I go on to one further step, the fifth - the certainty, the absolute certainty, of the completion of the purpose. The purpose is ‘that we might be holy and blameless before him in love’. We have glanced at the way in which the purpose is being carried out: but in addition, the perfect carrying out of this purpose is something that is absolutely certain; nothing can stop it. ‘He that hath begun a good work in you will perform it until the day of Jesus Christ’ [Philippians 1:6]. It is as certain as God’s promise. ‘He that hath begun’ - Who is that? It is God; and because it is God, it will never be left half completed. Men are guilty of that fault. They get excited and have their enthusiasms; they take up an idea and they are absorbed by it; but they may forget it in a few months and abandon it. God never behaves in that way. ‘He that hath begun a good work in you will perform it until the day of Jesus Christ.’ Or, take the same truth as it is found in Ephesians 5, verses 25-27: ‘Christ loved the church and gave himself for it.’ Why did He do so? ‘That (in order that) He might sanctify and cleanse it with the washing of water by the word, that he might present it to himself a glorious church, not having spot, or wrinkle, or any such thing; but that it should be holy and without blemish.’ Such was God’s purpose before the foundation of the world. Such was the purpose that animated the Lord Jesus Christ and filled His mind and heart when He laid aside the insignia of the eternal glory and humbled Himself unto the Virgin’s womb.
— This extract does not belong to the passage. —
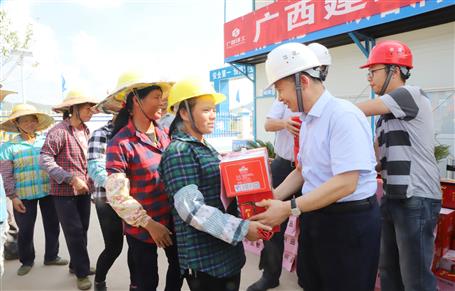集團(tuán)公司黨委委員、副總經(jīng)理侯立林到公司施工一線送清涼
Why did He do it? Why did He go to the Cross? Why did He die? Why was He buried? Why? This is the purpose, ‘that he might present the church to himself a glorious church, not having spot, or wrinkle, or any such thing, but that it should be holy and without blemish’. That is the purpose of Father, Son and Holy Spirit. And that is why it cannot fail. It is going on, and it will go on until it is finally completed.

 

We are ‘dead indeed unto sin, and alive unto God’; and because we are ‘alive unto God’, God’s purpose is being carried out in us whether we realize it or not. He is going to make every one of the children whom He has put into Christ, perfect, blameless, completely without spot, or wrinkle, or any such thing. It is going to happen; He will bring it to pass; it is His power that does it. He has already put His purpose into operation in all believers, and He will continue the execution of it until every one of us is saved and entire and complete and perfect in His holy presence. That is why the Apostle says here, ‘Reckon ye also yourselves to be dead indeed unto sin, and alive unto God through Jesus Christ’. That is your position, that is your status, that is your standing, that is now your relationship. You are no longer under the reign of sin, you are under the reign of grace, He will bring it to pass; nothing can stop it. Paul will eventually sum up all this in that mighty asseveration[1] at the end of chapter 8: ‘I am persuaded, that neither death, nor life, nor angels, nor principalities, nor powers, nor things present, nor things to come, nor height, nor depth, nor any other creature, shall be able to separate us from the love of God, which is in Christ Jesus our Lord.’ And yet some foolish people say, ‘Such preaching leads people to say “Let us continue in sin that grace may abound”.’ The answer is, You are no longer in sin, and you shall not continue in sin. It is clear in verse 14 of our chapter, ‘Sin shall not have dominion over you: for you are not under the law, but (you are now) under grace’. ‘Sin shall not...’ God’s character - if I may so put it - would be exposed to the laughter of the devil, and all hell, if any one of the chosen and the called and the redeemed did not arrive in heaven absolutely perfect and spotless. So that can never happen; the result is guaranteed because it is based upon the character and the power of God Himself. That is what is meant by ‘reckoning ourselves to be dead indeed unto sin, but alive unto God’.

 



[1] Asseveration: to affirm or declare positively, earnestly, or emphatically (as if no supporting evidence were necessary).